I like, admire, and welcome these two volumes almost beyond description, and have found myself quoting entire sections to my wife of four decades. Alas, if I did that in a book review, even on the web, I could be hit for copyright violations (a rather hypocritical, glass-house act by an author and journalist). I long to print here the entire chapter (by Dr. Arnow) called “The Seder Plate—The World on a Dish.” And the sociologically-crucial “Peoplehood with Purpose: The American Seder and Changing Jewish Identity” (by Rabbi Hoffman), which recognizes that even the most non-Jewish Jew in North America today lights Chanukah candles and keeps the Passover seder, even if every other aspect of Judaism (including marrying within the faith) is alien to them.
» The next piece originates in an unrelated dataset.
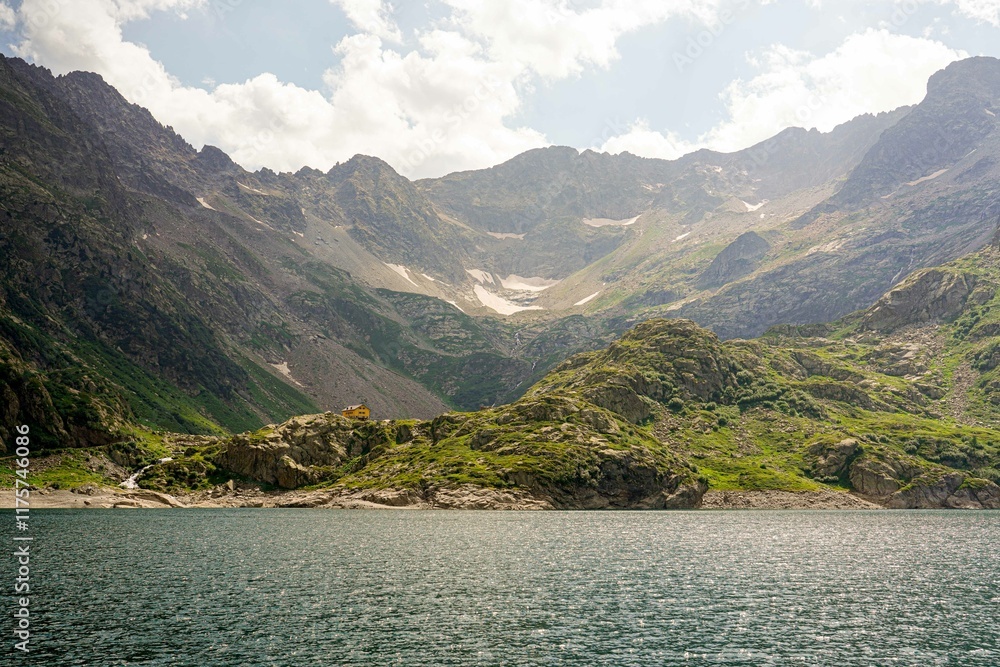 Lago del Chiotas / Rifugio Genova-Figari Lago del Chiotas / Rifugio Genova-Figari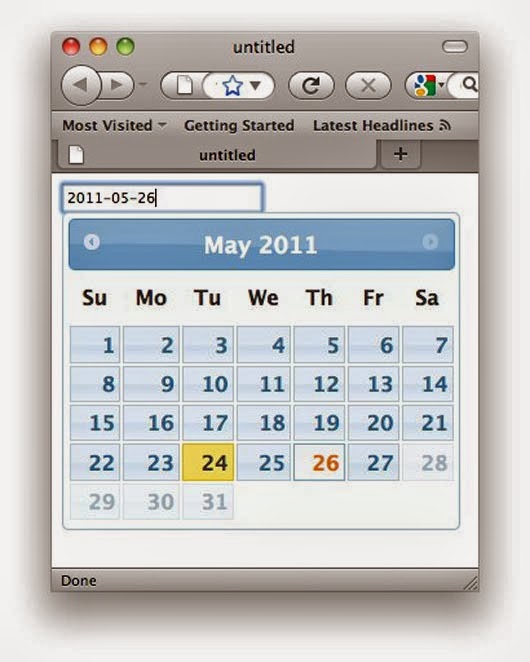 Quick Tip Create Cross-Browser Datepickers in Minutes Quick Tip Create Cross-Browser Datepickers in Minutes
And the history of how the “Pour out Your wrath” section of the Haggadah has been treated by different sects of Judaism over the years! As a committed feminist for decades, I loved the section called “Where Have All the Women Gone? Feminist Questions about the Haggadah, by Professor/Dr. Wendy Zierler. A good question! And some fine answers.
My space for this Passover review is nearly gone, and I haven’t even gotten to the best thing about MY PEOPLE’S PASSOVER HAGGADAH: the several hundred pages in which our entire, beloved Haggadah is laid out in English (and Hebrew) like a page of Talmud, with quality Jewish thinkers/scholars commenting (in English) on nearly every line, surrounding the original text: “The World of Midrash,” by one commentator, “Theologically Speaking” by another, “”Personal Spirituality” by a third, “History of the Haggadah “ by another, “Chasidic Voices,” “The Halakhah of the Seder” and “Feminist Voices” (and more) by other major rabbis and professors.
Jewish Lights Publishing (from that hotbed of Yiddishkeit, Woodstock, Vermont!) has published many dozens of quality books on Jewish subjects over the years, and has become one of the most important “houses” since Schoken Books of New York. MY PEOPLE’S PASSOVER HAGGADAH is truly a must for every English-speaking Jewish family in this new millennium, to help us all make THIS years’s seder a truly memorable one. And the illustrations throughout are excellent, and often heartbreaking: the black-and-white line-drawing depicting Avodim Hayeenu (“We were Slaves”) from The Kibbutz Haggada in 1951, showing a young Israeli chalutz teaching his young son, his wife nursing her baby by his side, with the nascent state of Israel behind them—filled this reviewers eyes with tears, as his mind was flooded with other images of the Shoah, only recently ended. What a blessing these volumes are!
Allan Gould is a long-time Kolel student and supporter, who writes frequently in this space. His latest book, ANNE OF GREEN GABLES VS. G.I. JOE, is a political satire on Canada/U.S. relations.